丢下一句:“这样兴师动众。”
有晏熔金在,衙役好歹收敛了些,没有恶声恶气。
等他们要窜上阁楼时,晏熔金拦住了他们:“上面,是我的友人。身体不好,我亲自接他,你们让出匹马,我带他骑。”
然而阁楼门大开着,与空窗外涌入的风冲作一股,穿通了整层屋子,也不见半个人影。
晏熔金抿着唇,手里的狼牙隐隐发烫,分不清是那人残余的体温,还是他捏得太紧,混淆了痛和烫。
在看见送出的大氅与鞋子都不在时,他心里松了口气。
最后捧出只乌龟来,顶着众人惊异的目光,勉强撑住从容地模样道:“接到了,走罢。

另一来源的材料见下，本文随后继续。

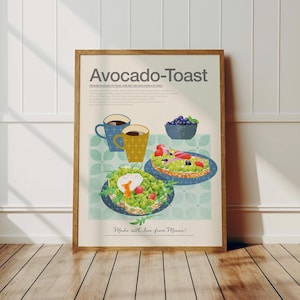 Avocado toast poster, Brunch poster, Gourmet toast,  Kitchen Decor, Guacamole toast, Breakfast foods print, Trendy wall art, Eggs on a toast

”
第18章 第18章 “以死担保一辈……
宽大的伞下挤着许多人,三十六伞骨连着木珠长穗,在纷纷雪片中被沁成深红。
晏熔金垂着眼睛,成绺的额发戳得他眼睫连眨,迷茫和苦闷交织在他面上,这是他第一次犹豫不决,因为他已违背他的原则。
半年前,是冬来时助他逃脱,在提及秀才养父时,他眼里闪烁着骄傲与向往,他同他的哥哥,不是一路的人。
冬信是冬来时的人,初来粥厂时自称已脱离山匪,是吴定风与陈惊生分家后、趁乱作鸟兽散的人之一。
晏熔金知道他手下聚着一伙弟兄,也不过才半个月。那时屈鹤为刁难他,束缚他的手脚,叫受他恩惠的冬信大怒而起,言明他的弟兄都愿意跟着晏熔金,只要晏熔金一句话,他就是新的“山大王”。
晏熔金又惊又怒,叫他歇了心思,这句话往后一个字也不能提。